The variables included in the multivariate analysis were LA size, left ventricular ejection fraction, gender, age, the type of AF and the use of a large-sized Lasso catheter. After multiple logistic regression analysis, the use of a large-sized Lasso catheter was significant as a predictive factor for preventing recurrence (odds ratio: 0.489, 95% confidence interval: 0.136-0.927).
In this study, we observed that using a large-sized Lasso catheter was an independent predictor of freedom from AF recurrence after catheter ablation. To our knowledge, this is the first report to investigate the feasibility and efficacy of using a large-sized Lasso catheter in addition to using 3D electroanatomic mapping.
Yamane et al.12) demonstrated the effectiveness of large-size Lasso catheters. The diameter of the Lasso catheter was 25-30 mm and they used it for antral isolation of individual PVs without the 3D mapping system. In contrast, we used a larger Lasso (35 mm in diameter) and performed the 'en bloc' ablation of the ipsilateral PVs.
PV antral isolation poses a difficulty in achieving a complete conduction block and requires a longer procedure time as compared to segmental ostial isolation. However, AF free survival was better for antral isolation than for segmental ostial isolation.13)14) Ouyang et al.7)8) have shown the feasibility of complete isolation around both ipsilateral PVs in combination with the 3D mapping system and the double-Lasso catheter. The reason for using the Lasso catheter in addition to the 3D mapping system is that it is easy to directly monitor the PV potentials and simultaneously observe conduction block when isolating the PV antrum. The limitation of using a large-sized Lasso catheter is that occasionally the contact of the catheter is not good enough because of the anatomic variance around the PV antrum. The AF recurrence rate of our study was slightly lower than that of a previous study.7) The addition of the roof and mitral isthmus line might have contributed to the lower rate of AF relapse in our study.
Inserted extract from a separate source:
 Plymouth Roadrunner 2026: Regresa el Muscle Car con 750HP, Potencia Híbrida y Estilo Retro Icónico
In the present study, the rate of AF recurrence was lower in group 2 than in group 1 and the large-sized Lasso catheter was a significant predictor for AF recurrence using multivariate analysis. Complete electrical isolation of the PVs has a significant impact on the long-term efficacy of the procedure15) and the recovered PV conduction after the AF ablation is a dominant factor for AF recurrence.16) In group 1, only 21% of the patients achieved ICAI by 3D-guided antral ablation alone and the rest of them needed additional antral ablation using the standard Lasso catheter. In contrast, we could achieve ICAI after initial antral isolation in 78% of the group 2 patients. In both groups, we tried to deliver radiofrequency energy on the previous line as close as possible, but in some cases additional ablation should have been performed inside the PVs. Although we did not check the PV reconnection in the relapsed patients by a redo procedure, we assumed that there may be some differences in the recovered PV conduction between the two groups. Additional linear lesions might also have contributed to such ambiguous results.
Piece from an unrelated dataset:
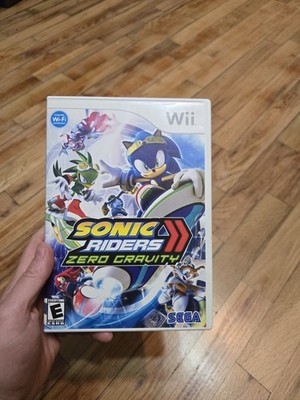 Sonic Riders: Zero Gravity (Nintendo Wii, 2008)
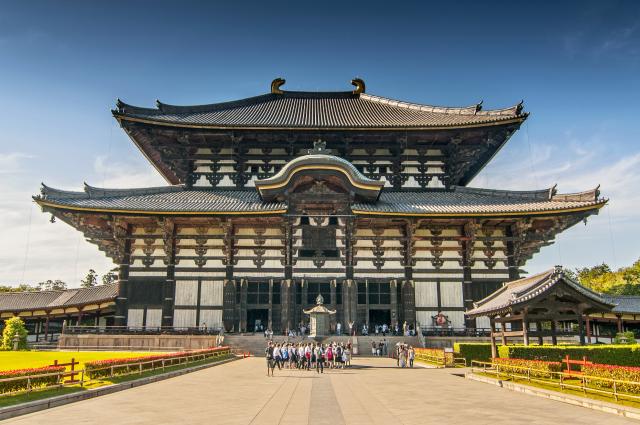 Todaiji Temple, Nara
First, this study has limitations because of its small sample size and non-randomized design. Second, we performed 24-hour Holter monitoring because 7-day Holter monitoring or a transtelephonic recording system was not available. Thus, we may have underestimated the asymptomatic recurrence of AF. However, this limitation would have equally affected both treatment groups. Further investigation will be required to determine whether such an approach will have practical implications.
The combination method of using the Carto-Merge 3D electroanatomic mapping system together with a large sized Lasso catheter for AF ablation seem to be more effective than 3D mapping only for the prevention of AF recurrence. A large sized Lasso catheter plays an important role to achieve ICAI. The reason for using the Lasso catheter in addition to the 3D mapping system is that it is easy to directly monitor the PV potentials and simultaneously observe conduction block when isolating the PV antrum.